# Work item
Transcribe each of the records below exactly, excluding all pictures.

# Given records

=====

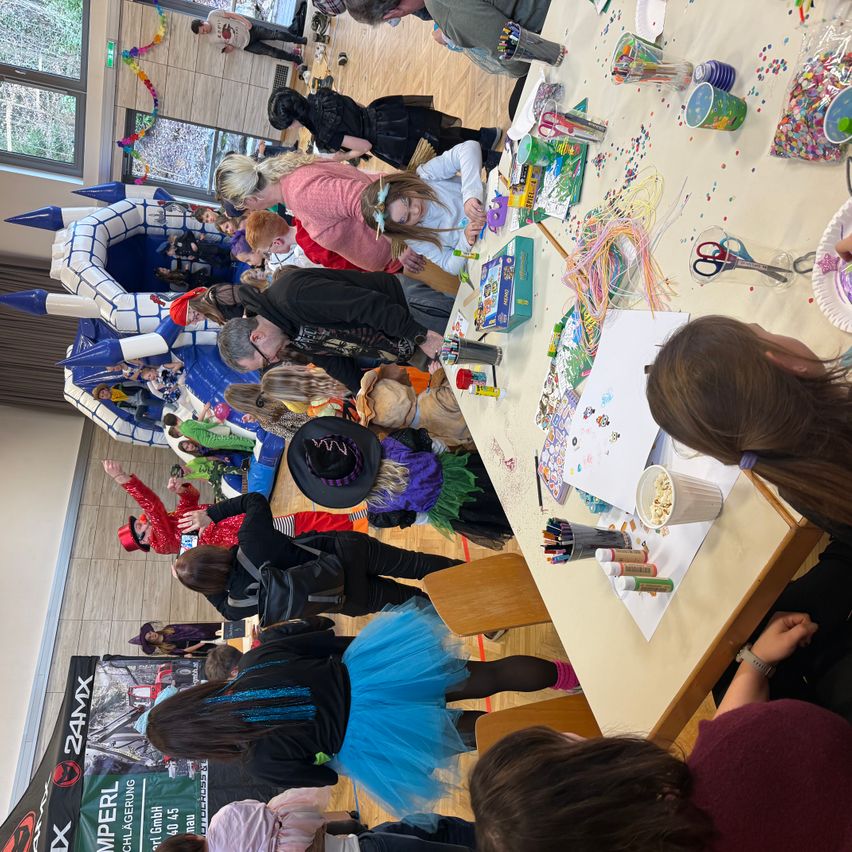 Eine Gruppe von Menschen, darunter Kinder, ist in einem Raum für eine Bastelveranstaltung versammelt. Viele arbeiten an Bastelarbeiten, während andere in der Schlange in der Nähe eines bunten aufblasbaren Schlosses warten.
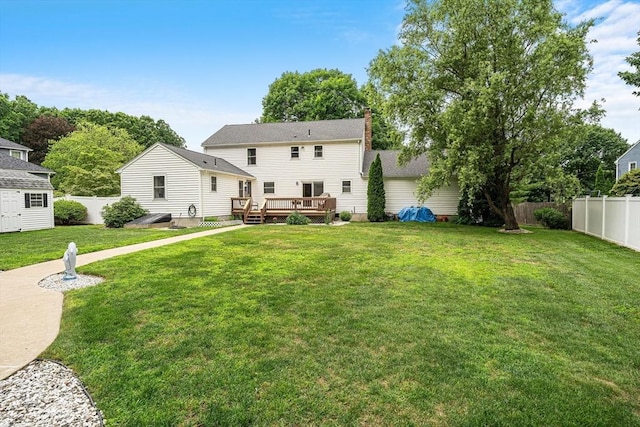 10 Manoogian Cir, Milford, MA 01757 - back of property with a wooden deck, a fenced backyard, and a chimney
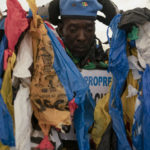 
              The environmental activist Modou Fall, who many simply call "Plastic Man", wears his uniform before an event about environmental health and pollution management in Dakar, Senegal, Tuesday, Nov. 8, 2022. As he walks, plastics dangle from his arms and legs, rustling in the wind while strands drag on the ground. On his chest, poking out from the plastics, is a sign in French that says, "No to plastic bags." (AP Photo/Leo Correa)
            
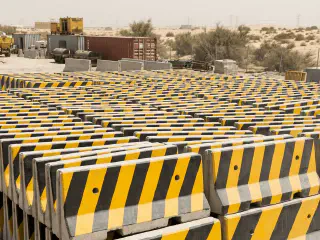 Stacked yellow-and-black precast concrete Jersey barriers at a UAE yard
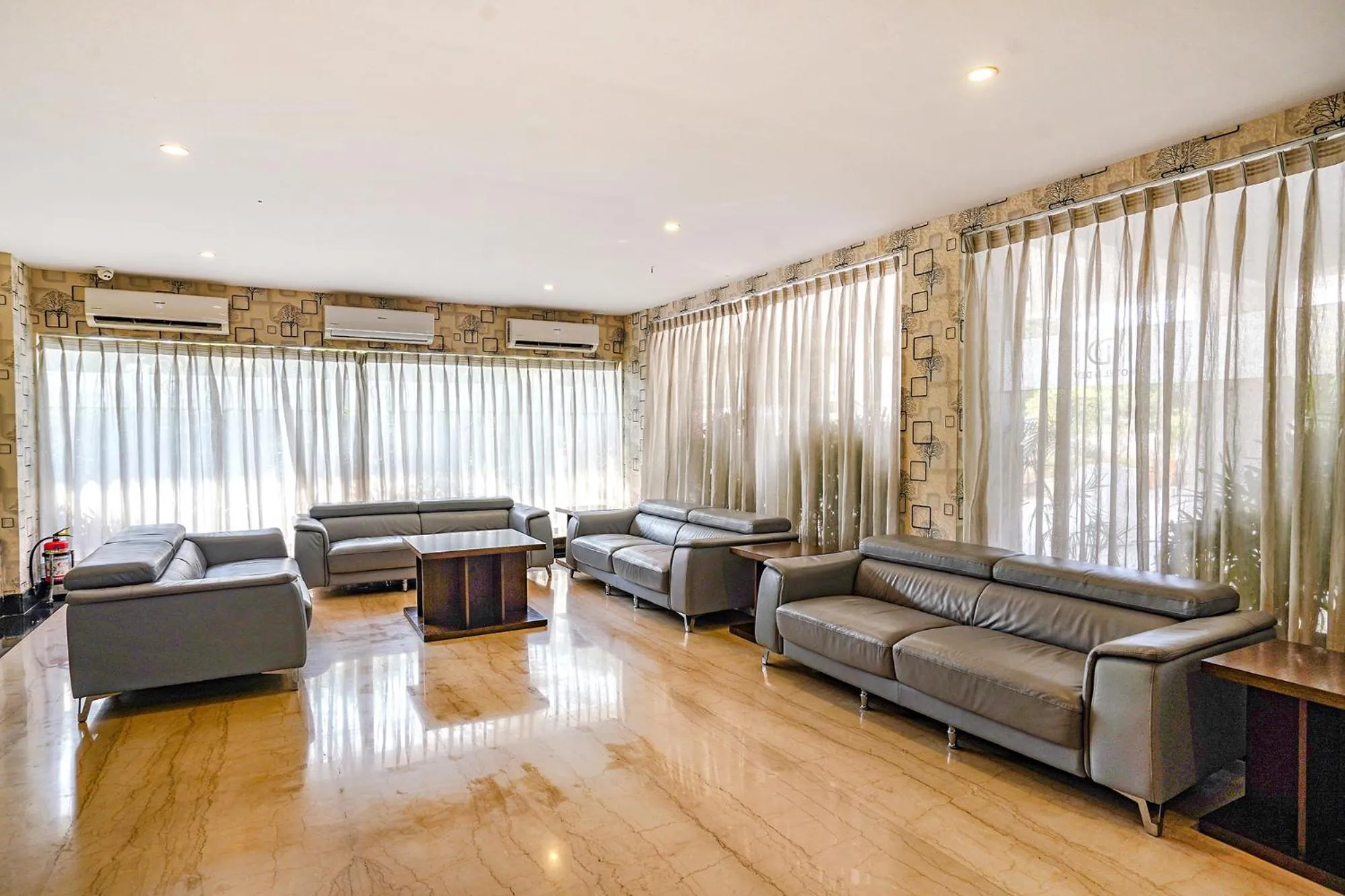 Seating area in FabHotel Prime D Dev - Nr Vijayawada Club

=====

# Output
 Eine Gruppe von Menschen, darunter Kinder, ist in einem Raum für eine Bastelveranstaltung versammelt. Viele arbeiten an Bastelarbeiten, während andere in der Schlange in der Nähe eines bunten aufblasbaren Schlosses warten.
 10 Manoogian Cir, Milford, MA 01757 - back of property with a wooden deck, a fenced backyard, and a chimney
              The environmental activist Modou Fall, who many simply call "Plastic Man", wears his uniform before an event about environmental health and pollution management in Dakar, Senegal, Tuesday, Nov. 8, 2022. As he walks, plastics dangle from his arms and legs, rustling in the wind while strands drag on the ground. On his chest, poking out from the plastics, is a sign in French that says, "No to plastic bags." (AP Photo/Leo Correa)
            
 Stacked yellow-and-black precast concrete Jersey barriers at a UAE yard
 Seating area in FabHotel Prime D Dev - Nr Vijayawada Club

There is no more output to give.